Unrest in the Middle East has been partly blamed for an increase in assaults by Islamic extremists and members of the far right.

There were also 72 incidents of damage and desecration, including attacks at 22 synagogues and seven cemeteries. In the largest act of vandalism at a Jewish cemetery more than 500 gravestones at Plashet in east London were damaged.
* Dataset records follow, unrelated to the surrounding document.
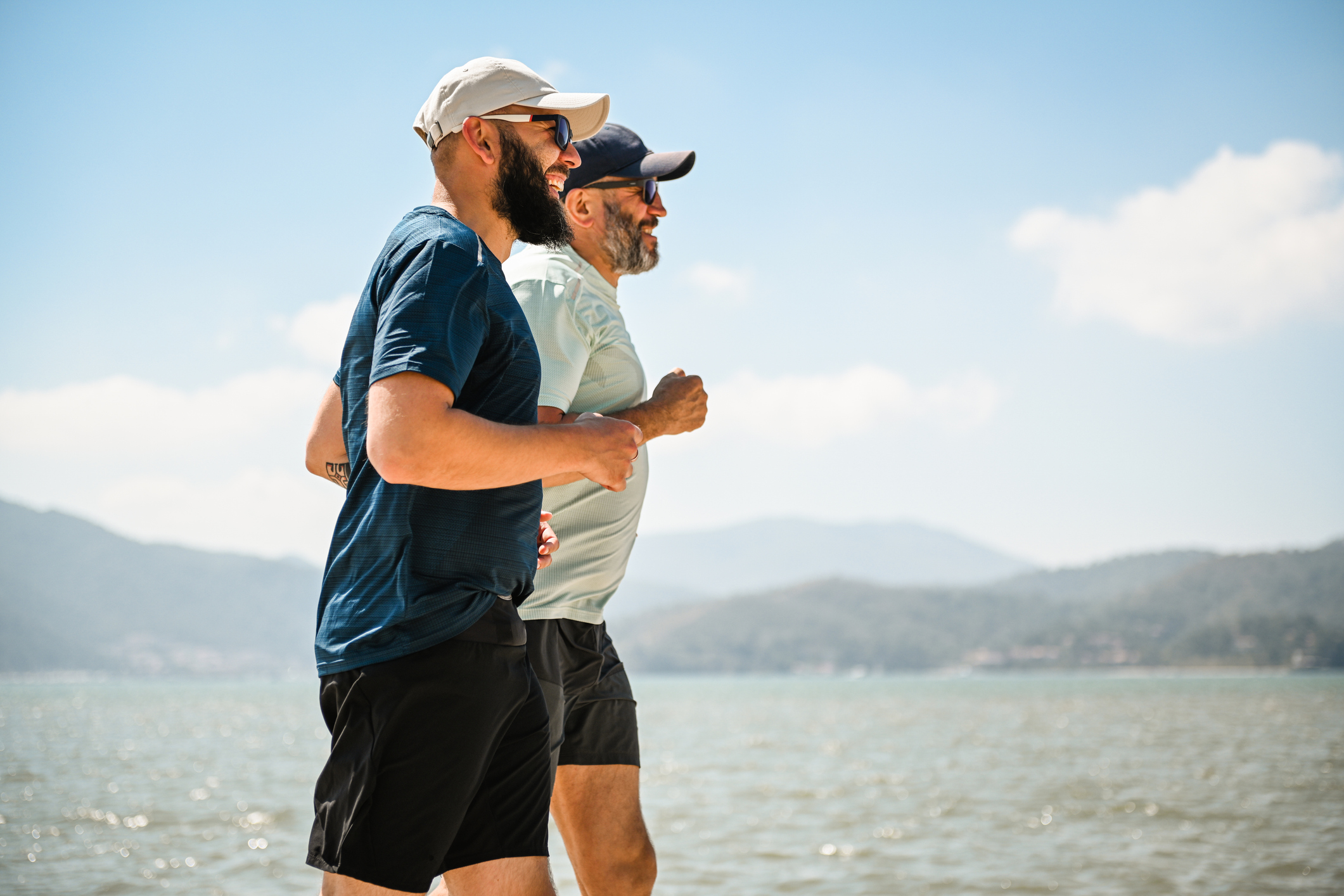 two men running side by side working on their fitness SMART goals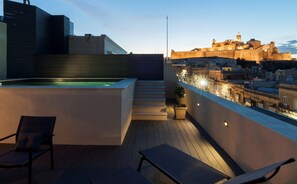 A rooftop terrace with a hot tub, lounge chairs, and a view of a historic city wall at dusk. - The Duke Boutique Hotel (Victoria)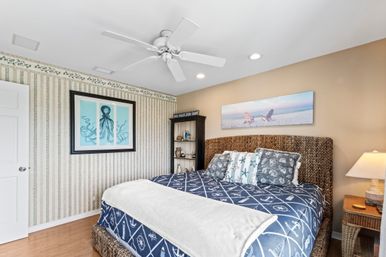 Coastal beach-house bedroom with king-size bed in navy nautical bedding, woven rattan headboard, starfish and seashell pillows, ocean and octopus wall art, ceiling fan and wicker nightstand with lamp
A synagogue in Jersey was daubed with swastikas by supporters of the neo-Nazi group Combat 18.

The number of incidents recorded by the Community Security Trust (CST), a charity monitoring anti-Semitism, represent a 7 per cent increase on 2002. They are the second highest since 1984.

The police have confirmed that the number of anti-Semitic incidents is rising and suggested that many attacks probably go unreported.

The bulk of the incidents were in London, with 170 attacks, while Manchester had 73, Hertfordshire 33, Birmingham 15, and Liverpool 12.

The incidents included 54 physical assaults, 22 threats, 72 desecrations, and 211 incidents of abusive behaviour, such as a group of 20 youths who gave Nazi salutes and shouted "Sieg Heil" at a Jewish woman in Manchester.

In 71 of the cases the perpetrator made explicit reference to Israel or the Middle East, said the CST. Eleven specifically mentioned the Iraq war.

Mike Whine, of the CST, said: "Tension in the Middle East seems to be the trigger point to the alarming rise in incidents.

"We are not pointing the finger at the Muslim community in Britain, who we are working with, but we do blame Arab states that promote anti-Semitism."

Matt Baggott, Chief Constable of Leicestershire and the Association of Chief Police Officers spokesman on race and diversity issues, said: "Our figures do tend to reflect the situation reported by CST, and we are naturally concerned about any increase in anti-Semitic incidents.

"It is difficult to ascribe any one cause. Although the international scene plays its part, race and faith-hate behaviour can have personal as well as political origins, and sometimes the two are intertwined."

A poll last month found that one in five British people would oppose a Jewish prime minister, while one in seven believed that the Holocaust was exaggerated.